Re: Scaling RAG for documents
Having worked with document AI for a good part of the past year, have yet to encounter anyone approach with or mention having to process literally millions of PDFs - thousands maybe - and especially not at a frequency (hr/daily) that some would suggest.
Could be I'm just not at that "enterprise" level yet but what I am seeing from clients is handling the size and weight of their docs are the more immediate chokepoints of their RAG builds. A scanned PDF can easily reach 300mb+ and legal filings (compiled over time) can have as much as 3k+ pages.
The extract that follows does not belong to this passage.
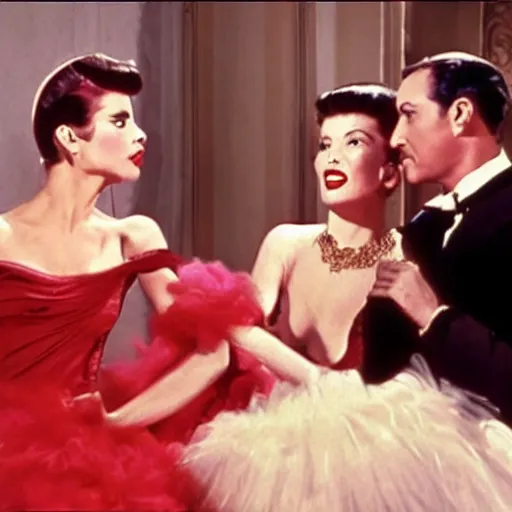 Image similar to A remake of Last Year on Marienbad as a musical comedy in technicolor with Gene Kelly and Cyd Charisse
Perhaps the end-game would be that you can just dump these files into the chat prompt but until then, RAG still makes sense and the "scaling" approach is not necessary frequency (document RAG is allowed to be slow!) but rather architecture, ability and resilience to handle large/long documents.
What does this mean for your typical RAG stack?
Well, there's a lot of things you can't really do anymore; run things linearly, process entire docs in memory, VLM OCR every page, return every page to the user, running on edge / small VMs. Naturally, this means dedicated (+gpu) servers, jobs queues, concurrent workers, object stores, conversion processes, more sophisticated retrieval APIs, doc lifecycle management. This is where RAG goes from simply "standing up a vector store" to "build a small SaaS".
This is ultimately how the Ragextract API (https://t.co/sKCi0bhzlM) was born. Over the past few months, paying customers and metrics have been validating; Document size is a bigger pain point than frequency. Then again, once you have such an system in place, high frequency is also handled quite nicely. If you're looking to scale your document AI workflows, definitely give Ragextract a try today! Follow .@subworkflow for more info.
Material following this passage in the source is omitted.